After finding "Fineplus Godzilla Short" in a line below, print that line and the rest of the lines exactly, leaving out all pictures.

• _Dataset excerpt_
________________________________________

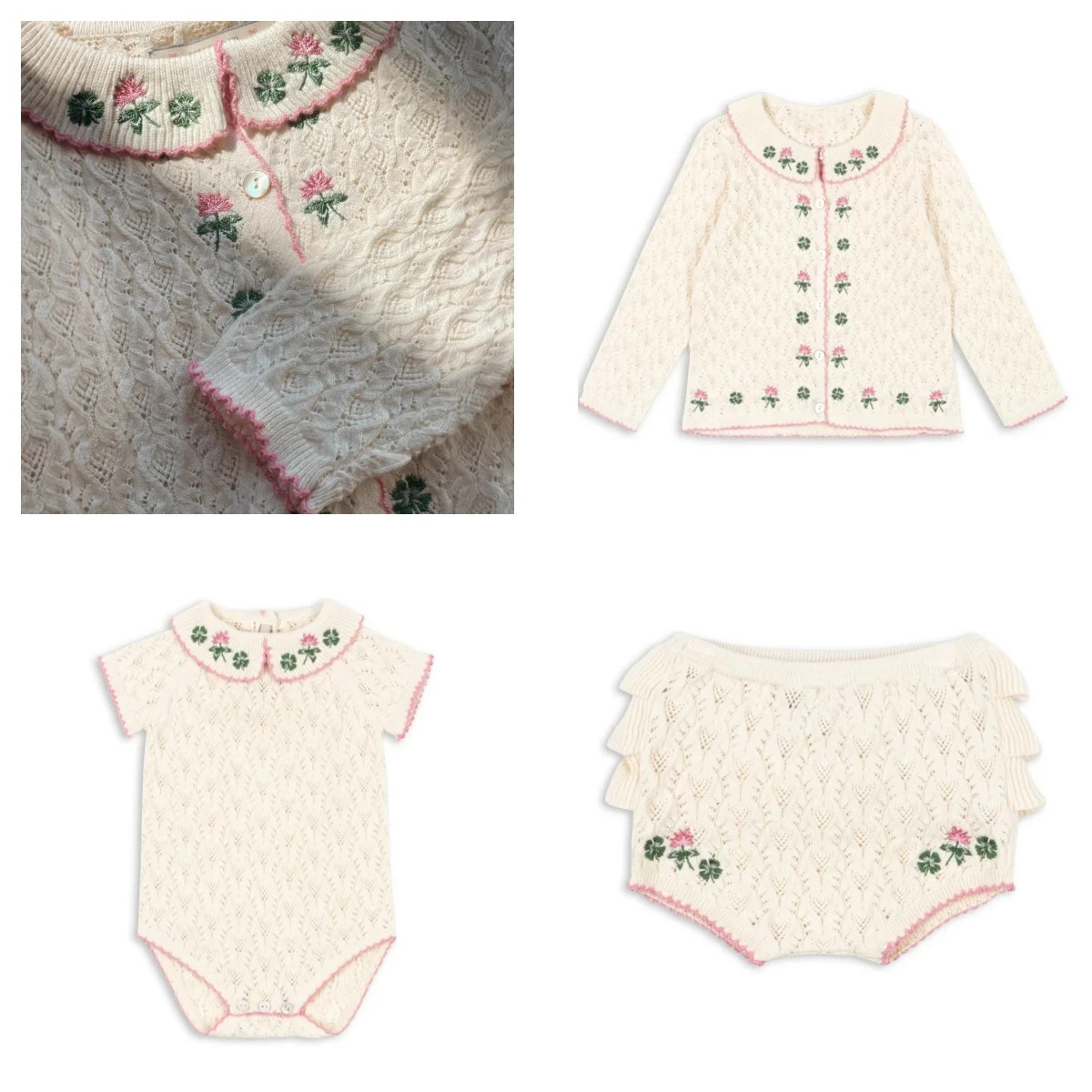 2026 새로운 봄 여름 아동 니트웨어 여아 가디건 스웨터  남아 여아 꽃무늬 롬퍼 및 반바지 의류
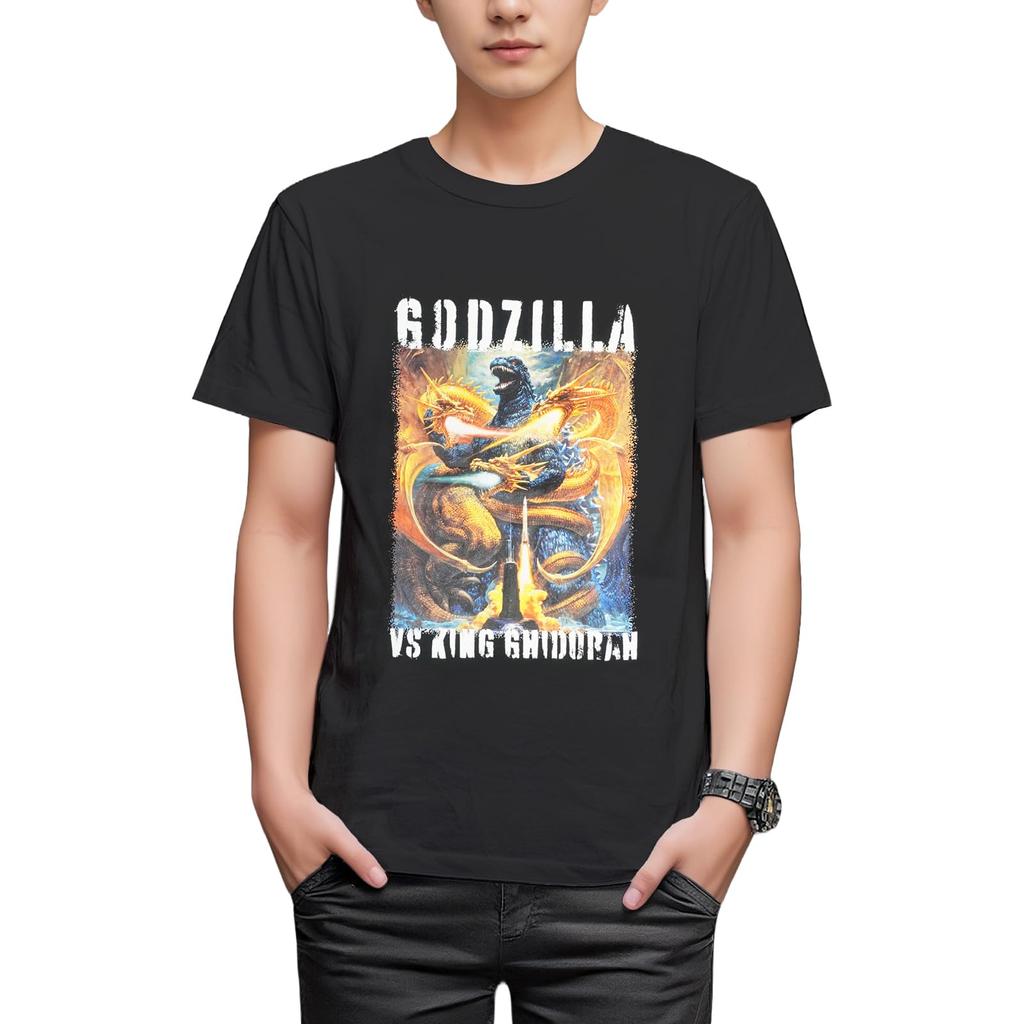 Fineplus Godzilla Short King Ghidorah Poster Japanese Cherry Blossom Character Merchandise T-Shirt, Sleeve, Print, Pattern, Design,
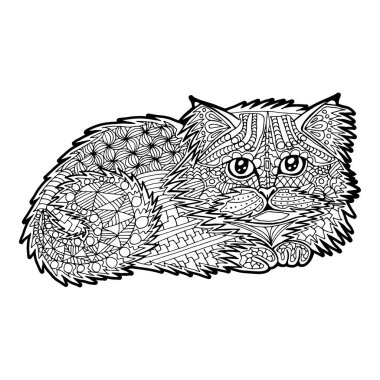 Elle çizilmiş karalamalı kedili bir resim. Boyama kitabı için çizim yapıyorum. El Çizimi Zentangle.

________________________________________

• _Exercise response_
 Fineplus Godzilla Short King Ghidorah Poster Japanese Cherry Blossom Character Merchandise T-Shirt, Sleeve, Print, Pattern, Design,
 Elle çizilmiş karalamalı kedili bir resim. Boyama kitabı için çizim yapıyorum. El Çizimi Zentangle.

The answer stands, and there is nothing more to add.